BEGIN Exercise input
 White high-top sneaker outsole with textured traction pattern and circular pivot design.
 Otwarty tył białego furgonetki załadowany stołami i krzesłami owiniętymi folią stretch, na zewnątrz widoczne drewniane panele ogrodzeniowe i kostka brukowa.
END Exercise input
BEGIN Exercise input
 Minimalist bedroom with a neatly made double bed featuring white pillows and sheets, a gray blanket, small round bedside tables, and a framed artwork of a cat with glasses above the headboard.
END Exercise input
* Your goal
Among the records above, find the lines that contain "with" and copy every one.

* Task result
 White high-top sneaker outsole with textured traction pattern and circular pivot design.
 Minimalist bedroom with a neatly made double bed featuring white pillows and sheets, a gray blanket, small round bedside tables, and a framed artwork of a cat with glasses above the headboard.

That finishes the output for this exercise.